[Collection entries]

===============

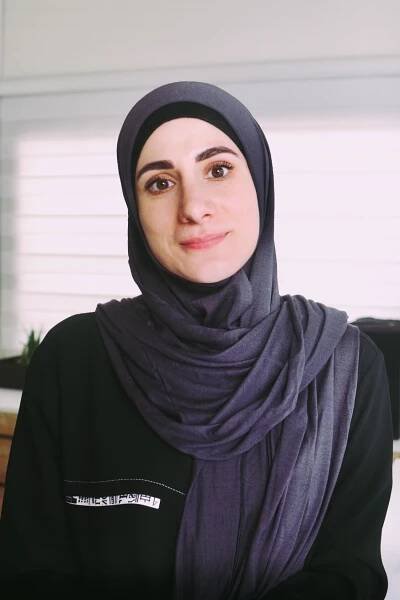 A headshot of Sara wearing a purple hijab.
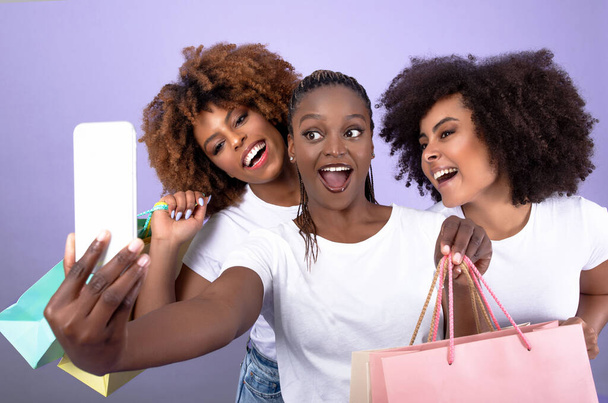 Shopping-Spaß. Drei aufgeregte junge schwarze Damen machen lustige Selfies per Handy, lächeln und halten Einkaufstaschen über lila Studiohintergrund. Gruppe weiblicher Käufer, tolles Vertriebskonzept - Foto, Bild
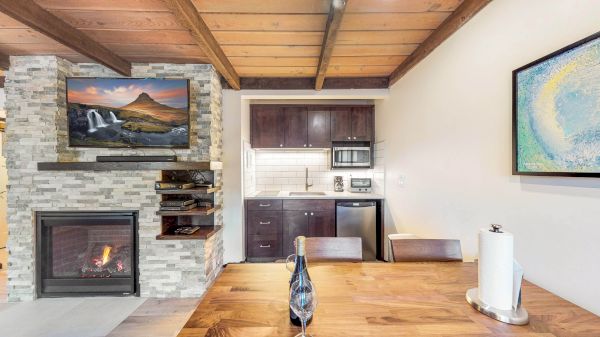 A cozy room with a fireplace, TV, and a small kitchen area. A table with a wine bottle and paper towels is in the foreground.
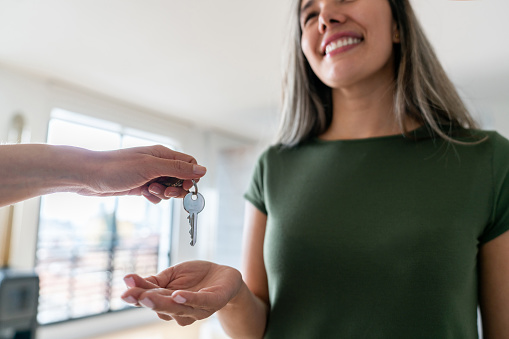 Real estate agent giving the keys of her new house to a happy Latin American woman - home ownership concepts
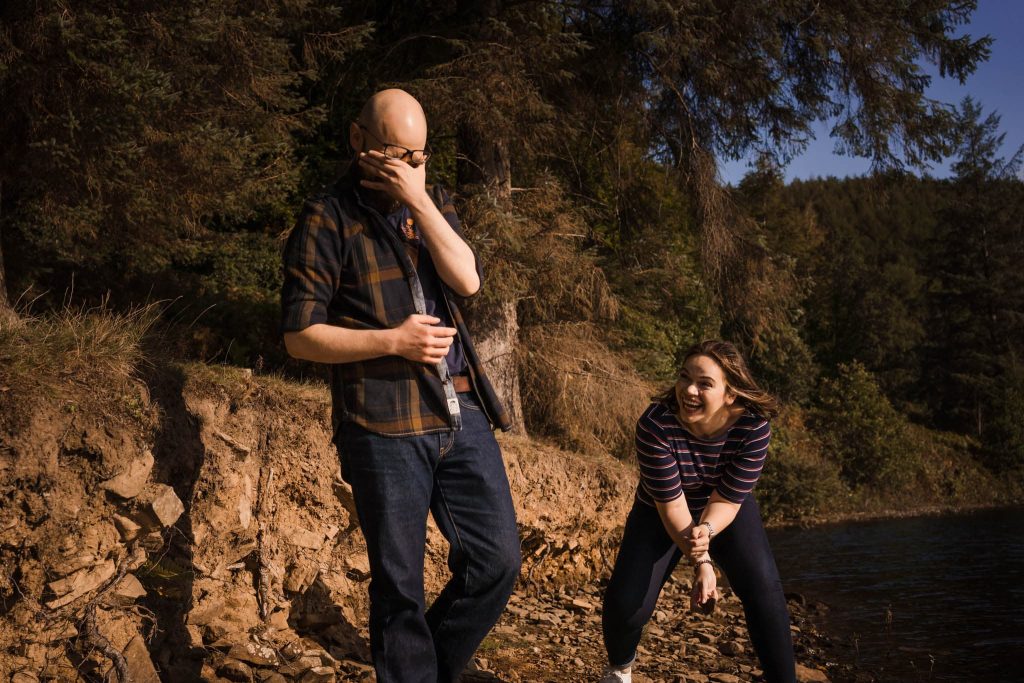 A man in a plaid shirt covers his eyes while a woman in a striped sweater laughs with her hands together. They stand on a rocky path by a forested lake, enjoying the sunny day—which sets the perfect scene for their Peak District pre-wedding adventure.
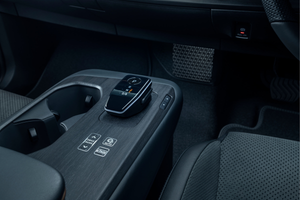 Centre console of a car interior with gear selector and cup holders.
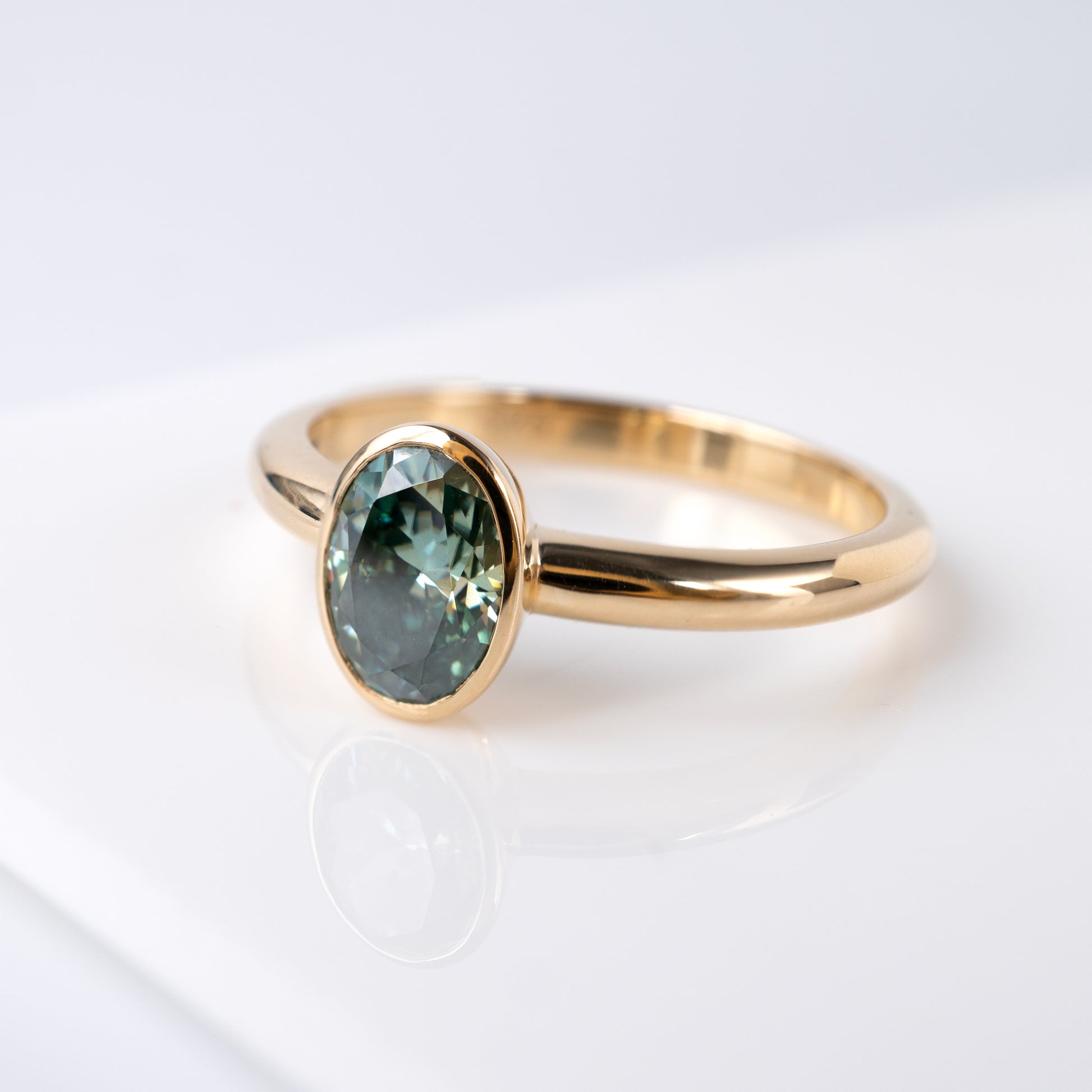teal green moissanite ring yellow gold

===============

■ Problem to solve ■
The whole of the data above needs retyping exactly, with pictures omitted.

■ Worked solution ■
 A headshot of Sara wearing a purple hijab.
 Shopping-Spaß. Drei aufgeregte junge schwarze Damen machen lustige Selfies per Handy, lächeln und halten Einkaufstaschen über lila Studiohintergrund. Gruppe weiblicher Käufer, tolles Vertriebskonzept - Foto, Bild
 A cozy room with a fireplace, TV, and a small kitchen area. A table with a wine bottle and paper towels is in the foreground.
 Real estate agent giving the keys of her new house to a happy Latin American woman - home ownership concepts
 A man in a plaid shirt covers his eyes while a woman in a striped sweater laughs with her hands together. They stand on a rocky path by a forested lake, enjoying the sunny day—which sets the perfect scene for their Peak District pre-wedding adventure.
 Centre console of a car interior with gear selector and cup holders.
teal green moissanite ring yellow gold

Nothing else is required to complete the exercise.